§ **Task directions**: Your job is to write out each record precisely as it stands.

(Given data Opens)

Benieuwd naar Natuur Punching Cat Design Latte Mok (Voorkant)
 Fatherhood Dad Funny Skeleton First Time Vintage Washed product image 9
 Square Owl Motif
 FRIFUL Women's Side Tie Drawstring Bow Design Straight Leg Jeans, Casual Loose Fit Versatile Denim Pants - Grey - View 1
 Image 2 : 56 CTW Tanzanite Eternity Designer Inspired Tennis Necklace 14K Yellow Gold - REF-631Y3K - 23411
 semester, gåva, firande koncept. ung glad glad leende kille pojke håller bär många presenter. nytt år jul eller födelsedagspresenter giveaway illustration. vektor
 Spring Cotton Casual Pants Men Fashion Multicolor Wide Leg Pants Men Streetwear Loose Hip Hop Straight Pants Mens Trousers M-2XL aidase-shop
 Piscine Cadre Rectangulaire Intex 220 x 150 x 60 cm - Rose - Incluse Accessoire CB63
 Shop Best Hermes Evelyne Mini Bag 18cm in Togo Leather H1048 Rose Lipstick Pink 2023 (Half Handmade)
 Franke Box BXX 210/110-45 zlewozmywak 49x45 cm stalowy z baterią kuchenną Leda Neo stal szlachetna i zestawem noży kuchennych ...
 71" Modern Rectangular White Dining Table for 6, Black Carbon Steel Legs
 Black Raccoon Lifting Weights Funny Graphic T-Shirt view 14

(Given data Closes)

§ **Written response**:
Benieuwd naar Natuur Punching Cat Design Latte Mok (Voorkant)
 Fatherhood Dad Funny Skeleton First Time Vintage Washed product image 9
 Square Owl Motif
 FRIFUL Women's Side Tie Drawstring Bow Design Straight Leg Jeans, Casual Loose Fit Versatile Denim Pants - Grey - View 1
 Image 2 : 56 CTW Tanzanite Eternity Designer Inspired Tennis Necklace 14K Yellow Gold - REF-631Y3K - 23411
 semester, gåva, firande koncept. ung glad glad leende kille pojke håller bär många presenter. nytt år jul eller födelsedagspresenter giveaway illustration. vektor
 Spring Cotton Casual Pants Men Fashion Multicolor Wide Leg Pants Men Streetwear Loose Hip Hop Straight Pants Mens Trousers M-2XL aidase-shop
 Piscine Cadre Rectangulaire Intex 220 x 150 x 60 cm - Rose - Incluse Accessoire CB63
 Shop Best Hermes Evelyne Mini Bag 18cm in Togo Leather H1048 Rose Lipstick Pink 2023 (Half Handmade)
 Franke Box BXX 210/110-45 zlewozmywak 49x45 cm stalowy z baterią kuchenną Leda Neo stal szlachetna i zestawem noży kuchennych ...
 71" Modern Rectangular White Dining Table for 6, Black Carbon Steel Legs
 Black Raccoon Lifting Weights Funny Graphic T-Shirt view 14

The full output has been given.